> **EXERCISE DATA**:
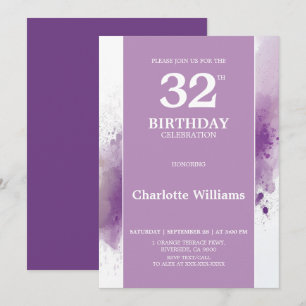Elegant Purple 32nd Birthday Celebration Invitation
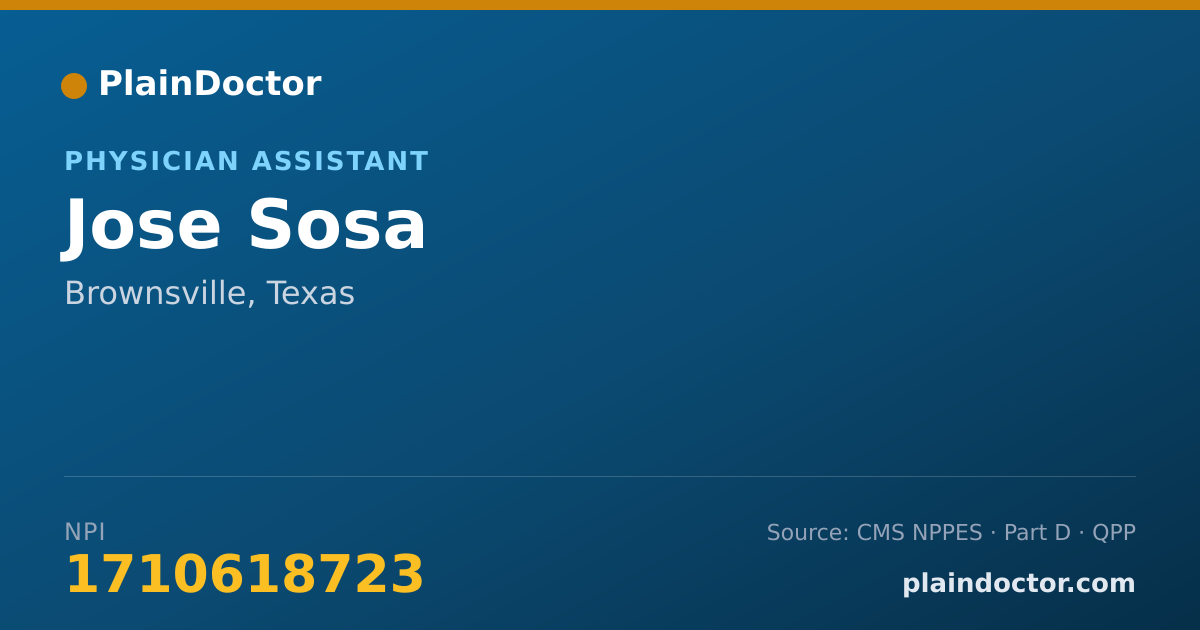 Shareable card for Jose Sosa - Pediatric Emergency Medicine (Pediatrics) Physician, Brownsville, TX
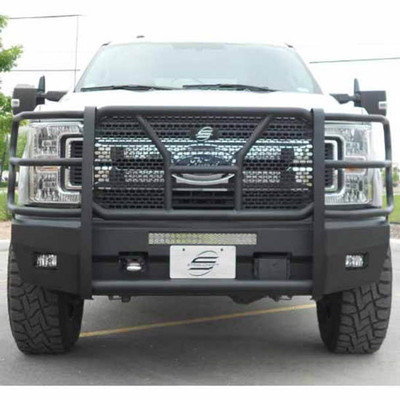 F350 SUPER DUTY YEAR 2019 BLACK FRONT BUMPER GUARD W/ CAMERA CUTOUT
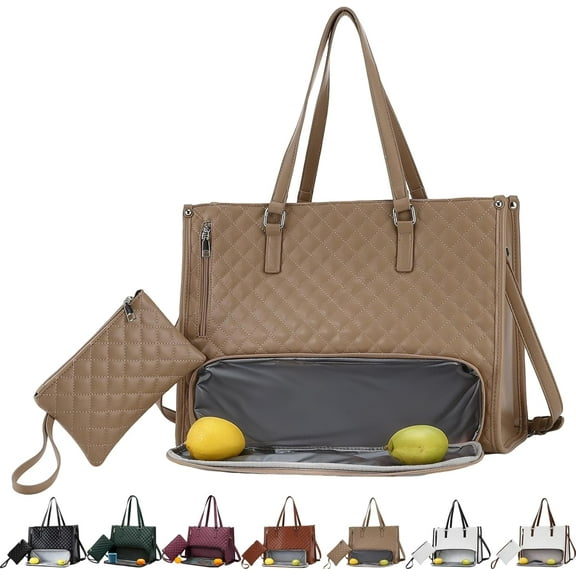 Packuum Tote Bag, 2025 Upgraded Packuumbagsco 3 In 1 Tote Bag for Lunch, 15.6 Inch Laptop with Insulated Luncheon Compartment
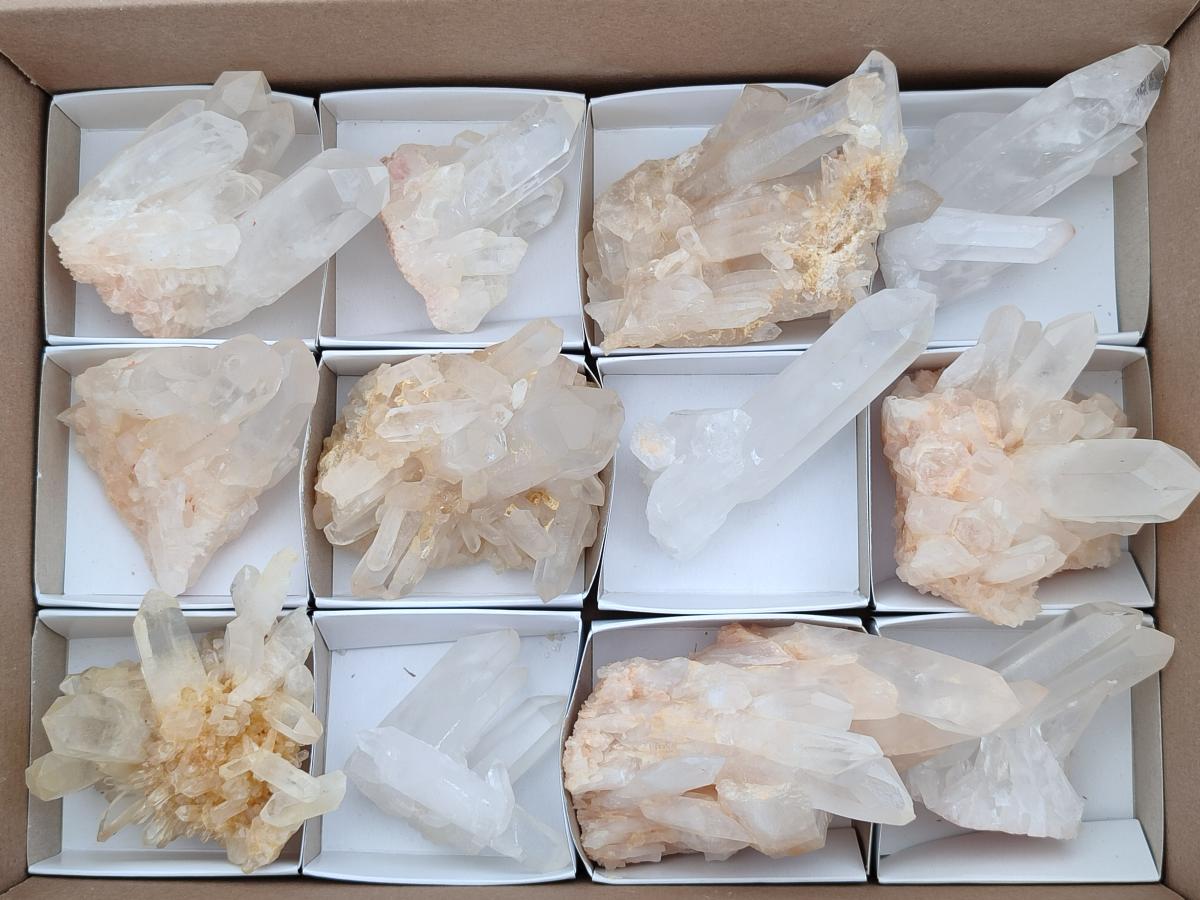 Natural Small Clear Quartz Clusters x 12 From Madagascar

> **ABOUT THIS EXERCISE**: Exact copy, no pictures: return the entries word for word.

> **RESPONSE FOR THIS EXERCISE**:
Elegant Purple 32nd Birthday Celebration Invitation
 Shareable card for Jose Sosa - Pediatric Emergency Medicine (Pediatrics) Physician, Brownsville, TX
 F350 SUPER DUTY YEAR 2019 BLACK FRONT BUMPER GUARD W/ CAMERA CUTOUT
 Packuum Tote Bag, 2025 Upgraded Packuumbagsco 3 In 1 Tote Bag for Lunch, 15.6 Inch Laptop with Insulated Luncheon Compartment
 Natural Small Clear Quartz Clusters x 12 From Madagascar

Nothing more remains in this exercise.